It is basically this. Most websites just try and dig into your profile, masking it as "personalized customer service", but the real intention is to know what you do, who you talk to, and try to sell you goods & services.
It definitely wasn't always that. Sure, there were lazy, greedy, fuckers in the early internet putting up crap content and "you're the 1 millionth visitor, you win an iPhone!" Pop-ups, but for a good decade or more the internet was filled with passion projects. Websites and services built from passion and desire, not for an endless pursuit of money. When corporations were ignoring the internet as a fad, it was a remarkable place. Once they realized how much money Google and MySpace were making, they all jumped in head first and began the rapid enshitification of the digital frontier. The same type of people that ruined the physical frontier ruined the digital one as well. Pinche jotos.

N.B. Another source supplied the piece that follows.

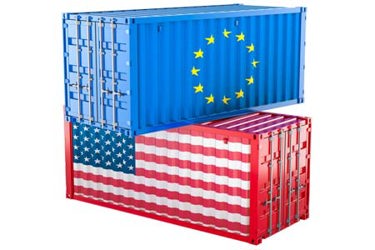 cargo containers, US flag, EU flag-GettyImages-2200116972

Not always. Believe it or not it used to be kinda like it is now, here.
With the technical barriers to entry pre AOL the people online were outcasts, nerds, and science departments at universities. The ad driven model is the attempt to lower barriers of entry make profit of that and not the other way around. Lots of the Internet ran on generosity and donations.
It's been shittier every day after there was an agreement on how to monetize though. The people at the start didn't ever have the guarantee it would get adopted, so for all the idealism we deal with their compromises.